Last updated Apr 28, 2006.

switch statements are seemingly a trivial construct that every C++ programmer learns right from the start. However, a deeper glance reveals several tricky issues that could lead to nasty bugs and misunderstandings. In fact, switch statements are among the most error-prone features of C++. However, a few rules of thumb will help you avoid all these bugs.

The Basics

A typical switch statement contains a switch condition in parentheses and a list of one or more case statements. For example:

switch (event)
{
case MOUSE_MOVE:
 //do mouse move;
 break;
case RIGHT_CLICK:
//..
}

Even this tiny example has several potential problems.

A switch condition must have an integral type. This means that you can’t use a switch clause to test strings, pointers or even floating point values. event can therefore be of type int, enum , bool etc, but not float, or void *.

Each case block is associated with a constant integral expression that functions as the case’s label. The label therefore shall not be a variable, or a constant expression that isn’t convertible to int.

Ideally, a case label should have a meaningful name instead of a hardcoded integral value. Enumerated types are a perfect match for labels as they enable the compiler to detect subtle bugs such as the accidental omission of certain cases. Alternatively, constants and even macros (since you insist!) should be used instead of bare numeric values.

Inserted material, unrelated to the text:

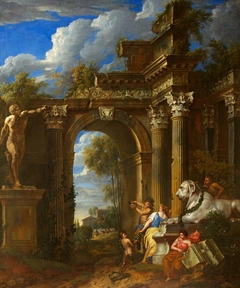A Ruined Classical Archway by Anonymous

Although in certain conditions numeric values used as label make sense, you should avoid them. Here’s why. A colleague of mine once wrote a switch statement that looked like this:

switch (value)
{
case 000:
 //do zero;
 break;
case 010:
//..
 break;
case 100:
//..
 break;
default:
cerr<<"wrong option!";
}

She was puzzled by the outwardly erratic behavior of this code. Can you see what her bug was? Remember: in C and C++, every literal number preceded by 0 is an octal number. My colleague wanted to ensure that all case labels were neatly formatted so she padded them with leading zeroes, not knowing that these leading zeroes caused the labels to be evaluated as octal numbers! Thus, the second label was identical to:

case 8:

This bug would have been avoided had she used a symbolic constant instead:

switch (value)
{
case ZERO:
 //do zero;
 break;
case TEN:
 //..
 break;
case HUNDRED:
 //..
 break;
default:
cerr<<"wrong option!";
}

The default case

The most common bug associated with switch statements is forgetting to include a default: label. As a rule, always add a default: case at the end of your switch statement (default is a reserved keyword) for trapping illegal values or grouping valid values for which a uniform treatment is required:

switch (event)
{
case MOUSE_MOVE:
 //do mouse move;
 break;
case RIGHT_CLICK:
 //..
default:
 cerr<<"unhandled event";
}

Even if you’re 100% sure that the default case is unnecessary, do provide it. Otherwise, your colleagues as well as many automated source code analyzers will balk at its lack.

Falling from Case

In one of their interviews, Brian Kernighan and Dennis Ritchie crowned "falling of the end" of a case statement as their worst design mistake in C. Let’s see what they meant.

case MOUSE_MOVE:
 move_mouse();
case RIGHT_CLICK:
 do_right_click();
case DOUBLE_CLICK:
 do_double_click();

When the switch condition evaluates as MOUSE_MOVE, the matching case block executes, calling move_mouse(). This is exactly what you expect under the circumstances. However, after calling move_mouse(), the execution flow continues from the same location. That is, the program advances to the next case label, executing do_right_click(). Guess what happens next? The DOUBLE_CLICK case block is executed as well, causing do_double_click() to be called. Why is this?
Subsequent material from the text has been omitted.